Page 1 of 1
News harvesting
Posted: Wed Mar 05, 2003 5:40 am
by Skittlewidth
I've just subscribed to the Guardian Headline Newsfeed service
http://www.guardian.co.uk/headlineservi ... 35,00.html but am now having problems actually setting it up on the webpage it needs to go on. They recommend you use VBscript or Perl to harvest the news off the personalised url they send you, but i have no experience in either of these. How would I go about doing it in PHP, preserving the urls so that the users can still jump to the full article?
Anyone else used this service?

Posted: Wed Mar 05, 2003 5:59 am
by patrikG
Hmm...I am no expert on mail-servers etc.
However, if it's news you're after, have a look at
http://www.moreover.com
They used to have a free section, don't know if it still exists. I think they even offered scripts to pull the links from their website (but it wasn't emailed, hence it's different to your problem).

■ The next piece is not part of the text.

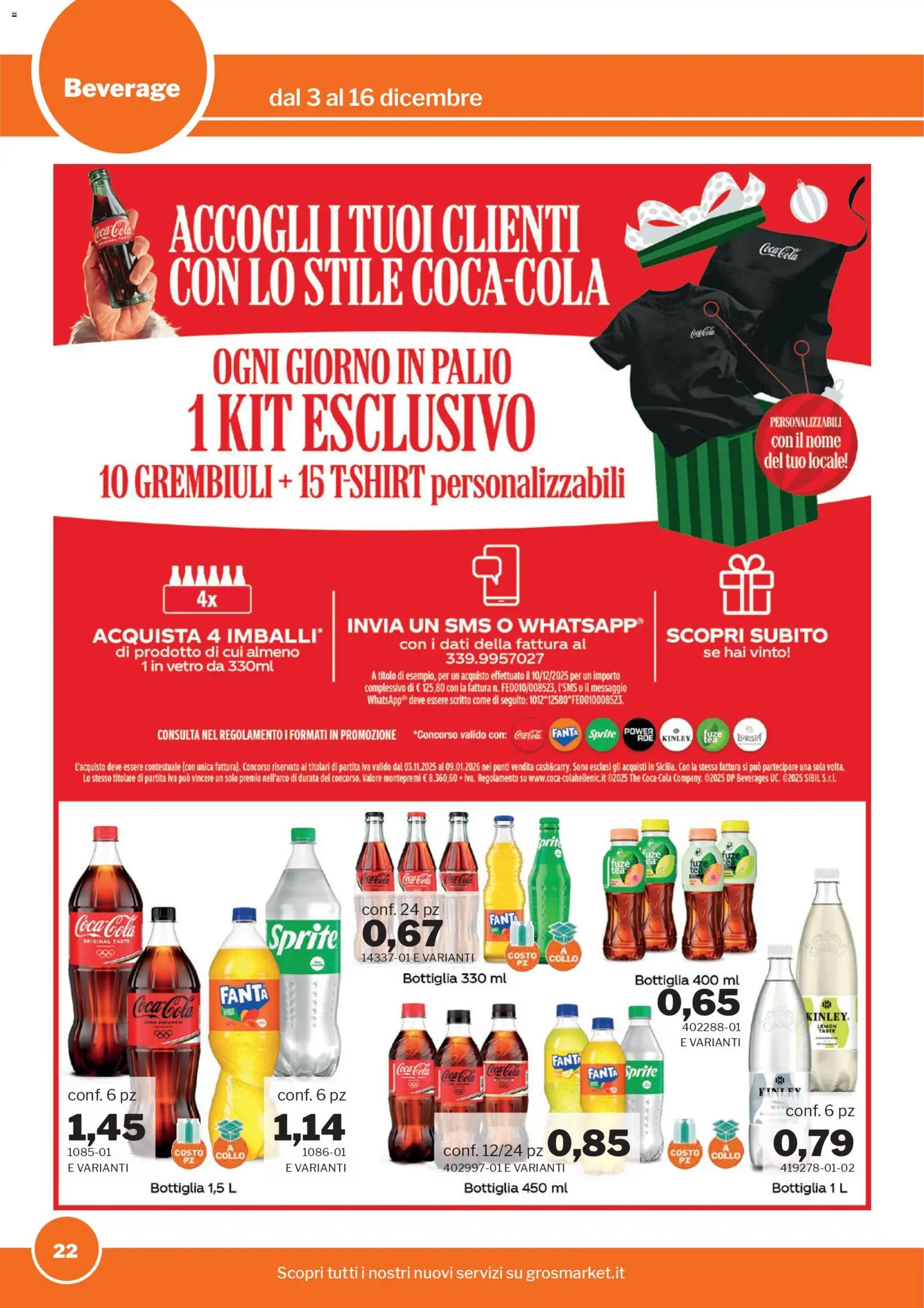 Volantino Sogegross del 03.12.2025 | Pagina: 22 | Prodotti: The, Fanta, Bottiglia, Coca Cola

The mother of all news-indexes is:
http://searchenginewatch.com/links/news.html
news harvesting
Posted: Wed Mar 05, 2003 6:14 am
by Skittlewidth
Ah, yes I wasn't clear about that was I. The site doesn't e-mail you everytime. Guardian Online just sent me a confirmation email giving me a personal url from which to harvest my selected topics from. This was just a plain page with the headlines and the first paragraph displayed.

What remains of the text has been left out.